Don't Soak Soap

Williams "mug" shaving soap had its profile raised a bit last year, when it was rumored on shaving fora to be departing the market. I just found out yesterday, and also that it wasn't true. But Google will keep that misinformation circulating on page 1 of its search results for a good, long time. I like the stuff, but Arko is better: I say buy it, but don't stockpile it. I think I paid double what it's worth ($1) the last time I saw it at a local drugstore, and that's as much support as I'm willing to give to an apparent artificial demand scheme.

Penetrating the skin of Williams hype further, I would suggest that you also disregard any reference to soaking this soap, in a mug or otherwise. Remember, people today simply don't know how to lather soap with a brush, much less in a mug.

Skip the history


I entered the shaving scene just as this knowledge was being lost, unfortunately prior to the internet boom, in the 1990s. People in real life could still describe methods, but materials were not available.
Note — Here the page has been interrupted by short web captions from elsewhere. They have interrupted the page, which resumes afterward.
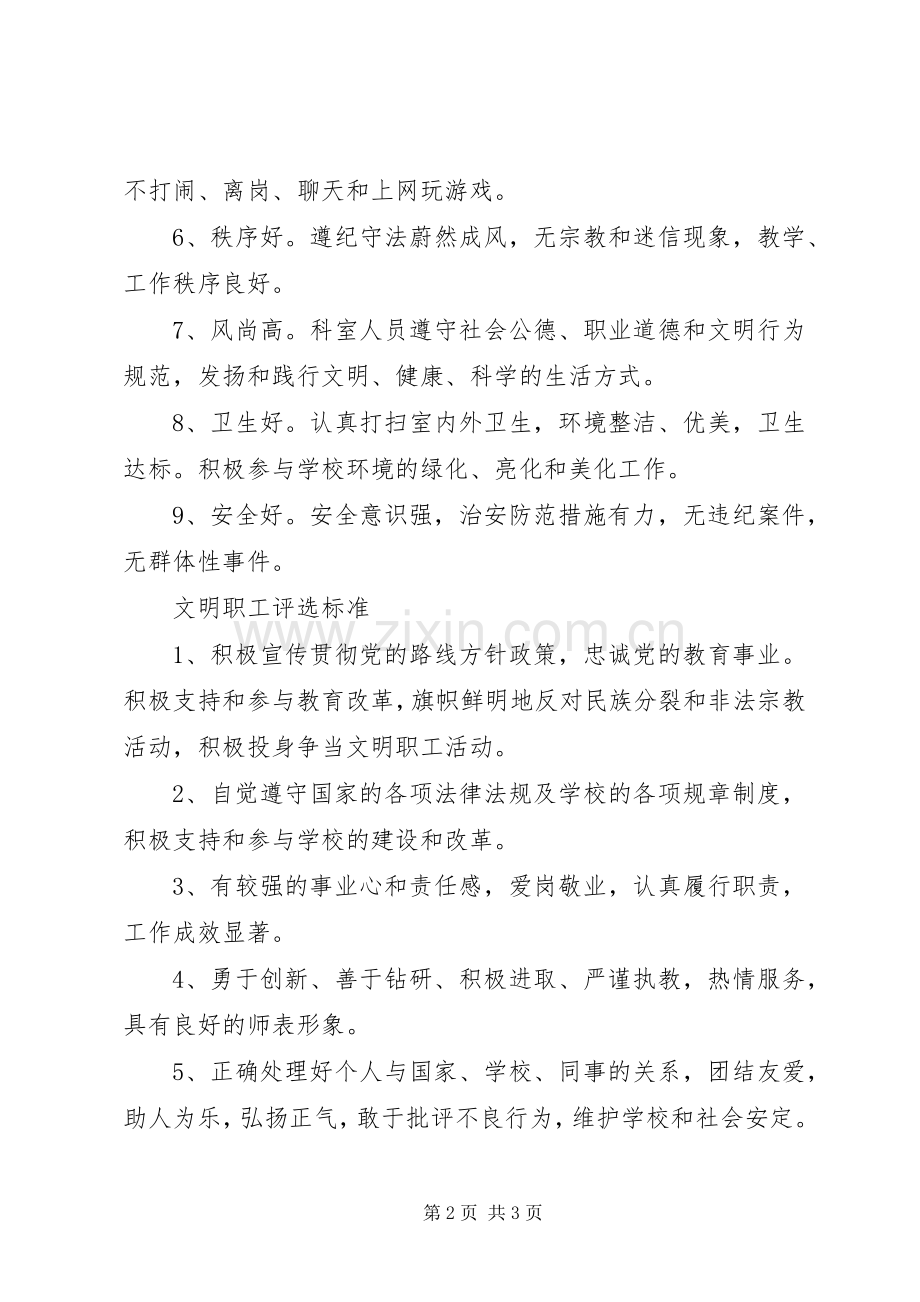 学校文明科室评选活动实施方案.docx_第2页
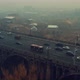 Cars Traffic Over the Bridge in the Fog - VideoHive Item for Sale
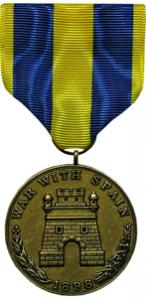 spanish campaign army military medal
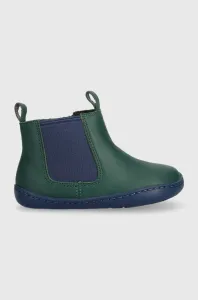 Dětské kožené kotníkové boty Camper Peu Cami FW zelená barva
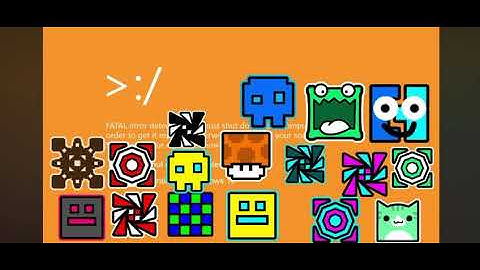 Windows 10 Kill Screen But Geometry Dash Icons Wants To See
I thought any such speaker was nuts at the time (I was using electric, and mainly interested in foam and cartridges), but I received instruction from an actual ward of the mental hospital I was working in. He wasn't old or anything; authentic traditional shavers are definitely still alive. I think the demographic phenomenon of the "tweeners" makes them relatively rare, and then there is the usual attrition.

Anyway, as I recall: you could soak if you wanted to. Your brush might like it. Mainly, it would make things hot. When it came time to lather, just a little bit of water would be in there, enough to make the lather with. Brushes were long and tight then, so it would mostly lie on the puck in a thin pool, rather than in the canopy. Perhaps the indent on the Williams puck face could be taken as a serving suggestion. (I've mushed mine into a bowl, and cannot test that theory.)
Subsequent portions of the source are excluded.